A total of 20 current or former New Orleans police officers have been charged this year in a series of Justice Department civil rights investigations. The probe of Glover's death was the first of those cases to be tried.
This isn't the first time federal authorities have tried to clean up the city's police department. The Justice Department launched a broad review of the force in the 1990s, when it was reeling from a string of lurid corruption cases. An officer, Antoinette Frank, was convicted of killing her patrol partner in a 1995 robbery. Another officer, Len Davis, was convicted of arranging the 1994 murder of Kim Groves, a woman who had filed a brutality complaint against him.
All five of the officers charged in the Glover case testified during the trial, describing the grueling, dangerous conditions they endured after the Aug. 29, 2005 storm, when thousands of desperate people were trapped in the flooded city.
Looting was rampant and bodies rotted on the streets for days because there was nowhere to take them, officers recalled. With lives on the line, the officers said they had no time to write reports or investigate anything but the most serious of crimes.
U.S. Attorney Jim Letten said the jury rejected the notion that stress from Katrina was a defense for the officers' actions.
"Tonight's verdict is a critical phase in the recovery and healing of this city, of the people of this region," Letten said.
The jury had to weigh the defendants' testimony against the words of several officers who admitted they initially lied to the FBI or a grand jury - or both - before cooperating with the government.
Warren, 47, said he was guarding a police substation at the mall and armed with his own assault rifle when Glover and a friend, Bernard Calloway, pulled up in what appeared to be a stolen truck. Warren claimed Glover and Calloway ran toward a gate that would have given them access to the building and ignored his commands to stop. He said he thought he saw a gun in Glover's hand before he fired one shot at him from a second-floor balcony.

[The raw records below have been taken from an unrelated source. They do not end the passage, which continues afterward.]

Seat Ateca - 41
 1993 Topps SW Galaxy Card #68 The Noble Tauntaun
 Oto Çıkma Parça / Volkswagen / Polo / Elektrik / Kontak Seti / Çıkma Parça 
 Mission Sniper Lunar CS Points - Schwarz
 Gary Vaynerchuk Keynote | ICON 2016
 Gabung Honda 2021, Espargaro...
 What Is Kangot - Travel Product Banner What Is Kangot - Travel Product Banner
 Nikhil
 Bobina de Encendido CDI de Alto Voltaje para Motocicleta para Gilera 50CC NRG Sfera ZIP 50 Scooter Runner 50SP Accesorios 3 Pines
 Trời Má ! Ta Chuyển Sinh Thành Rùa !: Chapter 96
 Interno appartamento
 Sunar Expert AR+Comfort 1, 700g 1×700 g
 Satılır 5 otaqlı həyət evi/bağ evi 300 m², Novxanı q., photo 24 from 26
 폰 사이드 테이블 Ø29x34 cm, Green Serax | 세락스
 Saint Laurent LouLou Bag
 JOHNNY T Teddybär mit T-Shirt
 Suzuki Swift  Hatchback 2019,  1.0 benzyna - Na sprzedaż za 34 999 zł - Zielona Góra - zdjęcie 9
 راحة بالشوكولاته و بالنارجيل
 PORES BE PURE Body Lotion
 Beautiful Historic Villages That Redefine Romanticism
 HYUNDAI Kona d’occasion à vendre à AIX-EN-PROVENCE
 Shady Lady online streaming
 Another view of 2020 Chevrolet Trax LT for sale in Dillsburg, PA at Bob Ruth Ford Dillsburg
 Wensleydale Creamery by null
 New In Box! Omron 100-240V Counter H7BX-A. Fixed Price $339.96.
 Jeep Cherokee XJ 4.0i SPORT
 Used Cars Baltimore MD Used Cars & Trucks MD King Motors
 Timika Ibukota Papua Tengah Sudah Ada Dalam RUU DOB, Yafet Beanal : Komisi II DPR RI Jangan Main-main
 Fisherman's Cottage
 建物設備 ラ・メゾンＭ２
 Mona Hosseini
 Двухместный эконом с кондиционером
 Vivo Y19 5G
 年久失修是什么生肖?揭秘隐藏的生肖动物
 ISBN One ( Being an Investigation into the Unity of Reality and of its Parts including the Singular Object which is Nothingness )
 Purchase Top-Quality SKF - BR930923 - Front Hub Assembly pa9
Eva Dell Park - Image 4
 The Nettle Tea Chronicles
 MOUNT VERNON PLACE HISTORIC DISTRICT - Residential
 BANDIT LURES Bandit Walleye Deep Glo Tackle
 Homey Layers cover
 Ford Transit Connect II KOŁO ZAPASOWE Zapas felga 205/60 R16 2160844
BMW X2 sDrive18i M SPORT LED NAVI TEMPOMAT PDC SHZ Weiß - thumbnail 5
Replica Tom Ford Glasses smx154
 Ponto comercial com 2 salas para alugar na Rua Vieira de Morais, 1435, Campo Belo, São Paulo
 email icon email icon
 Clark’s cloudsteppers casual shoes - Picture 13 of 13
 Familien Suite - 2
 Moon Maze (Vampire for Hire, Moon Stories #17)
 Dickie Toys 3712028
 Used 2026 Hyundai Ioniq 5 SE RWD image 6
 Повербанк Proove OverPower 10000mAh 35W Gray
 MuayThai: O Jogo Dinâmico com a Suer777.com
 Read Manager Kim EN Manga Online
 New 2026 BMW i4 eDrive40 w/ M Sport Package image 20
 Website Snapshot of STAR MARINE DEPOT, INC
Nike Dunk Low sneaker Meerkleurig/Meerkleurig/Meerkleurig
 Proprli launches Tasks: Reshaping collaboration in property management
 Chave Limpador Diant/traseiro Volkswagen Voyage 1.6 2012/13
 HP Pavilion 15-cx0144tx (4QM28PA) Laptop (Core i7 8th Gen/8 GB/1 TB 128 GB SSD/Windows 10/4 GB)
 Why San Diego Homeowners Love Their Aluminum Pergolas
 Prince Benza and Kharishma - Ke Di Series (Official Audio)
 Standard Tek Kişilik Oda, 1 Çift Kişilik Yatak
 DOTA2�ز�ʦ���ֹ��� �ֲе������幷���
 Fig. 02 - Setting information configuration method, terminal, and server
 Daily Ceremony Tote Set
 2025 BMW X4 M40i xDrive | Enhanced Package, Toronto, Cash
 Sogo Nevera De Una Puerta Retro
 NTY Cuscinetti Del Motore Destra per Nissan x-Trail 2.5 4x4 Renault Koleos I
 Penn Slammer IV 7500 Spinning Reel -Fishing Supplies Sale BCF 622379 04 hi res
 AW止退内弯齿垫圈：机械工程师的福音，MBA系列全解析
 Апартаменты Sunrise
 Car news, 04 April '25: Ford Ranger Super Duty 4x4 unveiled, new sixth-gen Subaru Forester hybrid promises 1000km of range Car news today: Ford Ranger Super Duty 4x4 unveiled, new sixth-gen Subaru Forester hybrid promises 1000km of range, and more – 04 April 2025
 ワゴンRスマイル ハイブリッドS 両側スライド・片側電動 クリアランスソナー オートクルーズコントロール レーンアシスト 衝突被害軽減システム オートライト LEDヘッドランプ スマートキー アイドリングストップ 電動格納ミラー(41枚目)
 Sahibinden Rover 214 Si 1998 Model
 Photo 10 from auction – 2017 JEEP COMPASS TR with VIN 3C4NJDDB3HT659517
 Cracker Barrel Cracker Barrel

But Warren's partner that day, Officer Linda Howard, testified Glover and Calloway weren't armed and didn't pose a threat. Calloway said he saw Glover leaning against the truck and lighting a cigarette, with his back facing the strip mall, just before he was shot.
It wasn't the only time Warren discharged his weapon that day. Earlier in the morning, Warren had fired a warning shot at a man on a bicycle. Warren said he felt threatened by the man because he kept circling and looking up at him.
After Warren shot Glover, a passing motorist, William Tanner, stopped and drove the wounded man, Calloway and Glover's brother, Edward King, to a school that members of the police department's SWAT team using in the storm's aftermath.
Tanner and Calloway testified they were ordered out of the car at gunpoint, handcuffed and beaten by officers who ignored their pleas to help Glover.
McRae, 49, admitted he drove Tanner's Chevrolet Malibu from the school to a nearby Mississippi River levee and set it on fire with Glover's body still in the back seat.
McRae said it was his idea to burn the car and did it because he was weary of seeing rotting corpses after the storm. Another officer testified he saw McRae laughing after he set the fire.
"We admitted he burned the car, because that's what he did," his attorney, Frank DeSalvo, said after the verdict. "What he denied was that he intended to violate anybody's civil rights.
Scheuermann, 48, said he was stunned when he saw McRae toss a flare into the front seat of the car and then shoot out the rear window to stoke the fire.
"Thank goodness that we had 12 jurors with the courage to vote their conscience in a climate like this," said Scheuermann's lawyer, Jeffrey Kearney.
Steven Lemoine, Italiano's attorney, said his client was a "terrific" police officer who served the city with distinction for nearly four decades.
"I think the jury saw him for who he is," he said.
McCabe's lawyers declined to comment.